Cherry negó con la cabeza.
—¿No extrañas ser una artista? —preguntó Russ.
—Sé que se supone que debería decir que sí, pero… creo que soy mejor ejecutiva. En realidad, no creo haber sido una artista del todo.
—Por supuesto que lo eras.
Cherry puso los ojos en blanco.
—Russ, ¿alguna vez viste mis diseños? —preguntó. Russ se encogió de hombros.
—Solo no creo que hubieras estudiado Arte en la universidad si no hubieras sido buena para ello.
Bueno, eso era cierto.
—Lo hacía bien, pero no era una artista —dijo. Al menos no del mismo modo en que lo eran las otras personas con quienes estudió. No como Tom—. Si tuviera que volver al diseño, extrañaría lo que hago ahora.
—Es solo que no te puedo imaginar trabajando en el ferrocarril —dijo Russ—. No te imagino como industrialista.
—Bueno, ni soy millonaria ni le robo a nadie —afirmó.
Russ se rio.
—¿Todavía ves a Stacia y a toda esa gente?
Cherry asintió con dificultad.
—Sí, la misma gente de siempre.
Russ sacudió la cabeza como si recordara algo con cariño. Cherry imaginó algunos de los detalles.
Un hombre pasó junto a su mesa y saludó a Russ con un movimiento de la cabeza, este ondeó la mano como respuesta.
—¿Alguna vez has deseado haberte ido de Omaha? —preguntó Cherry. Russ la miró de reojo.
—¿A qué te refieres?
Cherry alzó la vista. Estando de pie junto a ella sentada, él era un poco más alto.

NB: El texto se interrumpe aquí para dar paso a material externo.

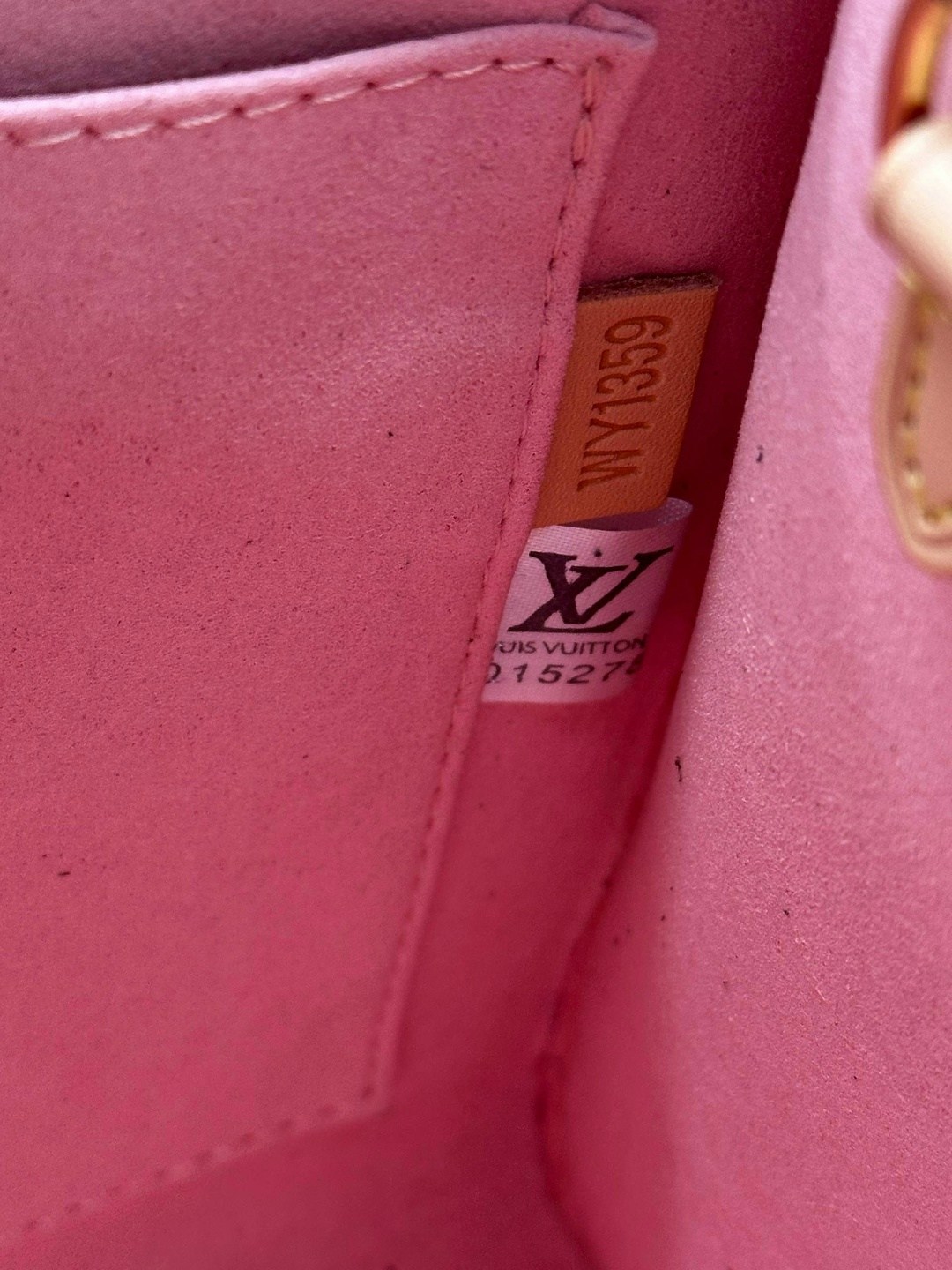 сумка женская louis vuitton,cумка louis vuitton,сумки луи виттон,сумка louis vuitton 25-20см реплика,сумка луи виттон с сакурой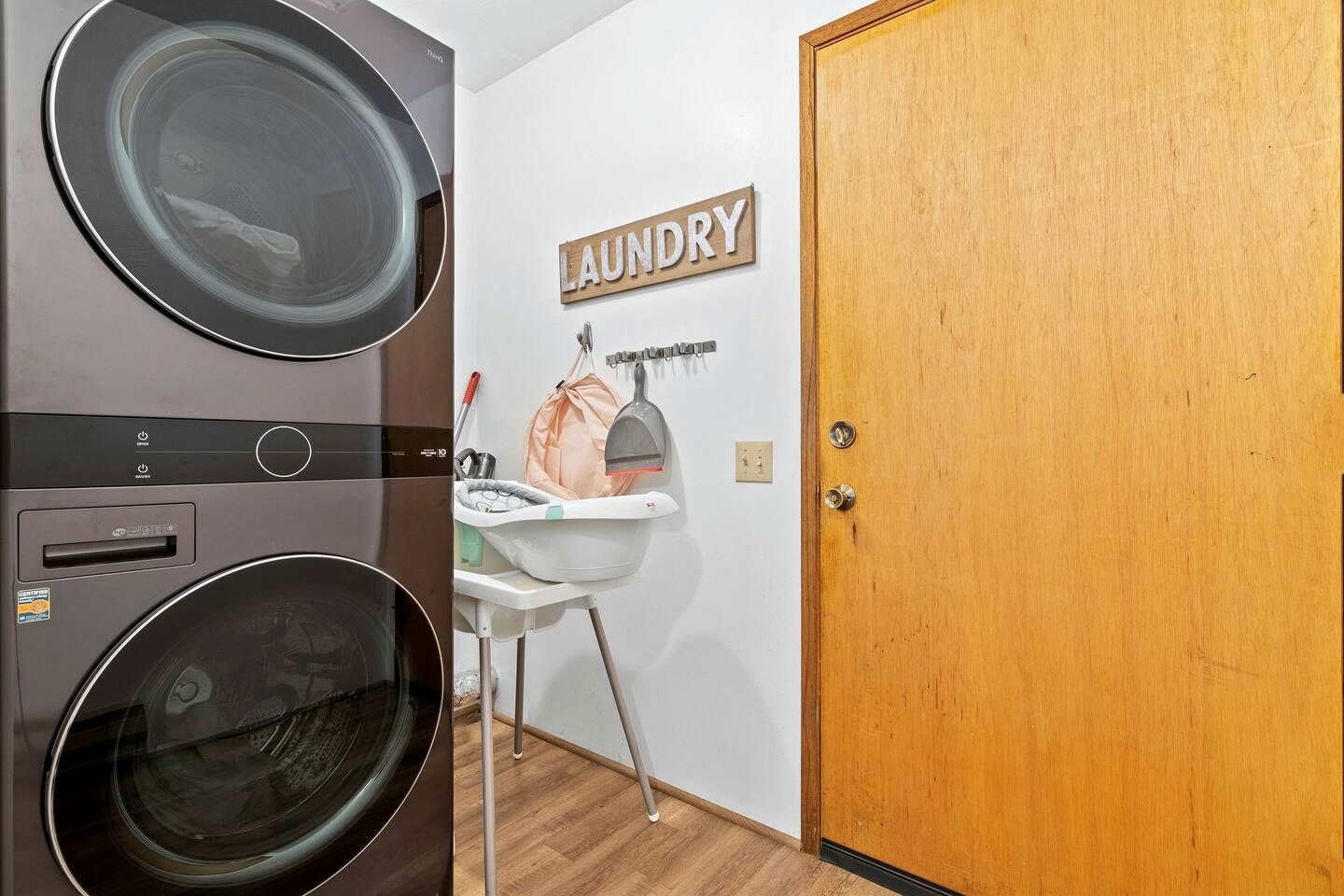 Cozy Cabin with Fire Pit near Lake Cushman, Perfect for a Glamping Retreat to the Pacific Northwest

—A que… siempre son los mismos rostros —dijo—. Los mismos viejos círculos que se intersecan. ¿Alguna vez deseaste haberte ido?
Russ sonrió sutilmente, pero la miró muy animado.
—Esta noche no.
Cherry corrió al baño antes de que comenzara el concierto y, cuando volvió, encontró a Russ sentado en su silla alta. Al verla, él le sonrió y le cedió el asiento. La banda iba entrando al escenario. Cherry se sentó y aplaudió, le emocionaba mucho el espectáculo, sobre todo ahora que estaba a punto de empezar.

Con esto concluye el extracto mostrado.